What the task asks ▸ Leaving out the pictures, transcribe all of the records faithfully.

[Excerpts from a dataset]
* * * * * * * * *

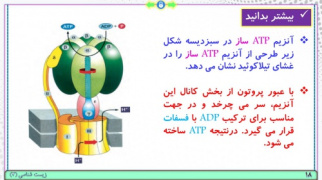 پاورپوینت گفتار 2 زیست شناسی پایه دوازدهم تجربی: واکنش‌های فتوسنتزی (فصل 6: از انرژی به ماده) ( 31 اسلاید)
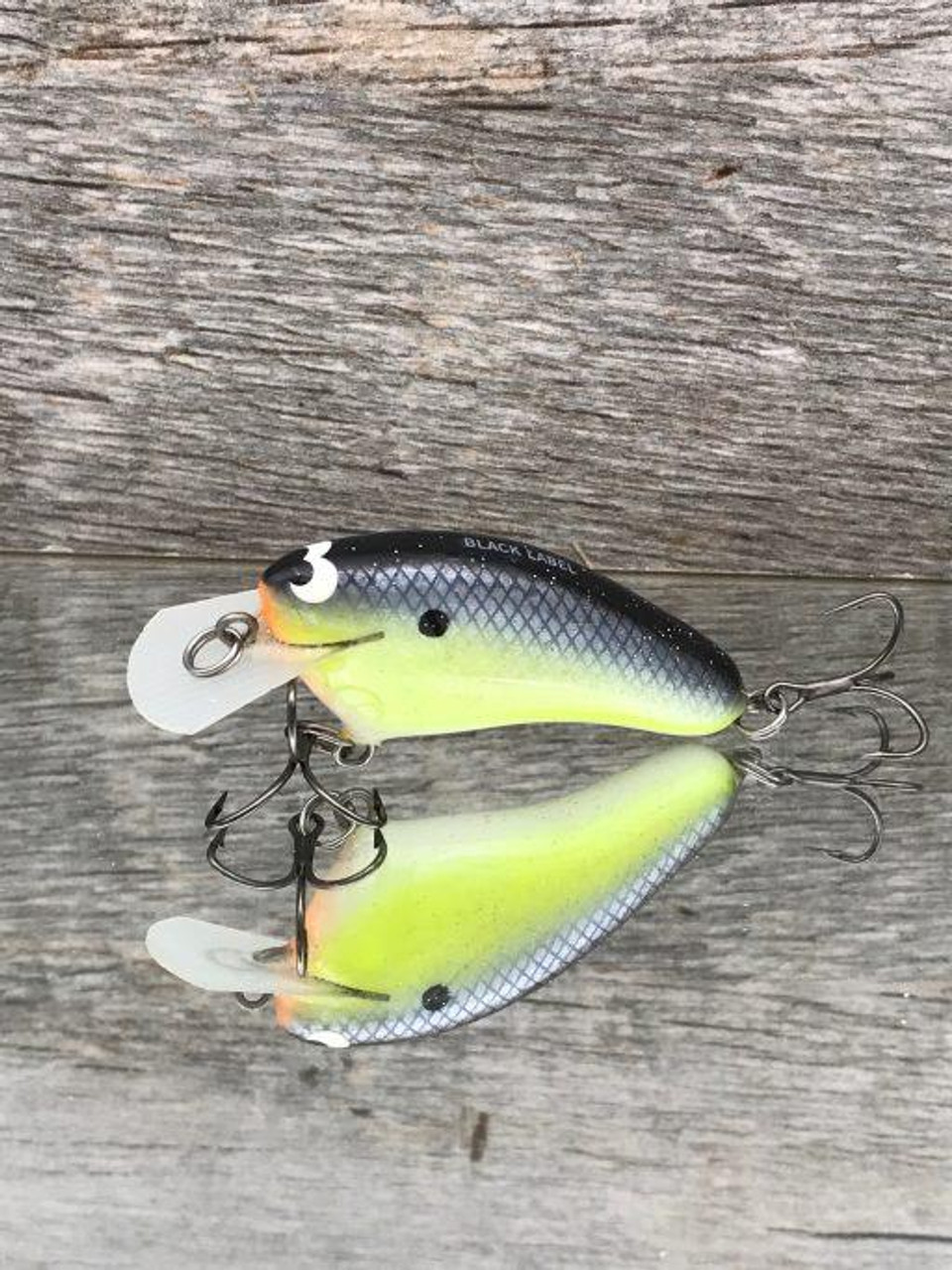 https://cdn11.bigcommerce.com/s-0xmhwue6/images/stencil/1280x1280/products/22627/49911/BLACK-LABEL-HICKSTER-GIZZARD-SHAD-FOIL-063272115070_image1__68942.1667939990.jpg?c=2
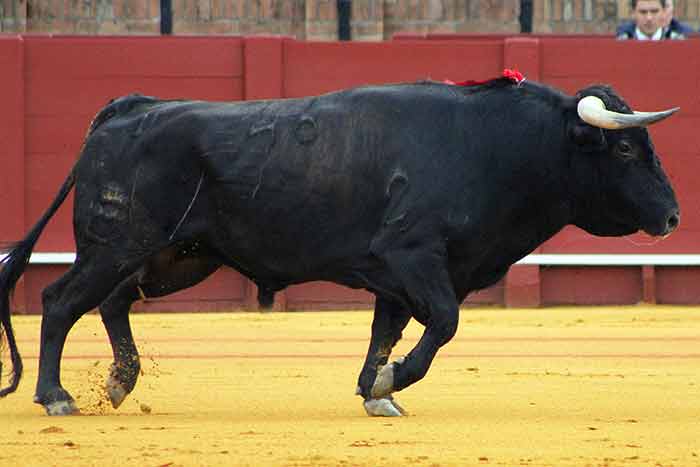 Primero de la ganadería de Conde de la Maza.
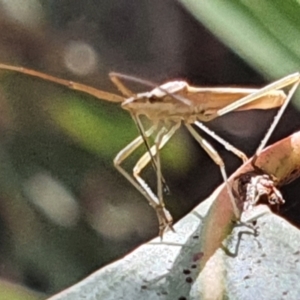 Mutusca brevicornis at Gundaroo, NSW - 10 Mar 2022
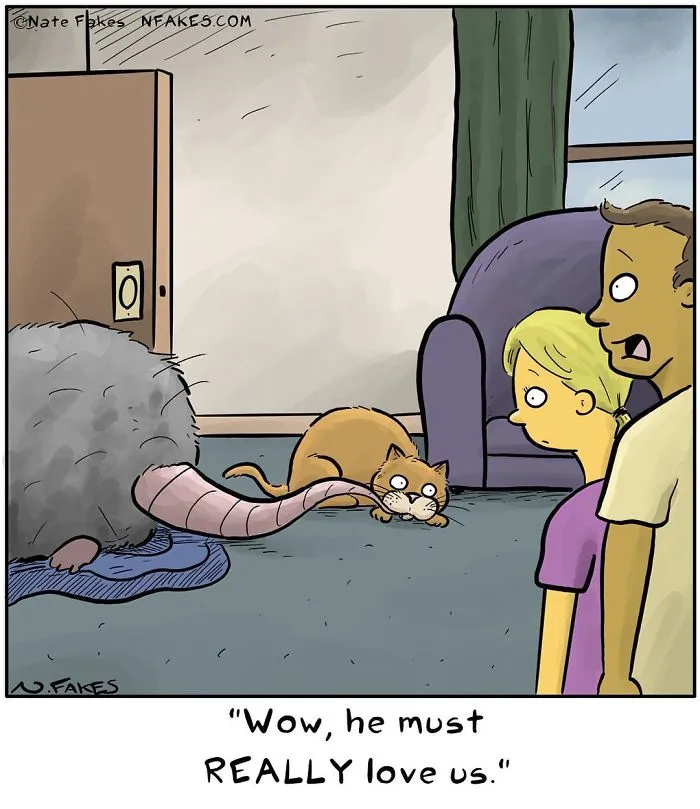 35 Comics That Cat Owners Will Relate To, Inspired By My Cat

* * * * * * * * *

Expected answer ▸
 پاورپوینت گفتار 2 زیست شناسی پایه دوازدهم تجربی: واکنش‌های فتوسنتزی (فصل 6: از انرژی به ماده) ( 31 اسلاید)
 https://cdn11.bigcommerce.com/s-0xmhwue6/images/stencil/1280x1280/products/22627/49911/BLACK-LABEL-HICKSTER-GIZZARD-SHAD-FOIL-063272115070_image1__68942.1667939990.jpg?c=2
 Primero de la ganadería de Conde de la Maza.
 Mutusca brevicornis at Gundaroo, NSW - 10 Mar 2022
 35 Comics That Cat Owners Will Relate To, Inspired By My Cat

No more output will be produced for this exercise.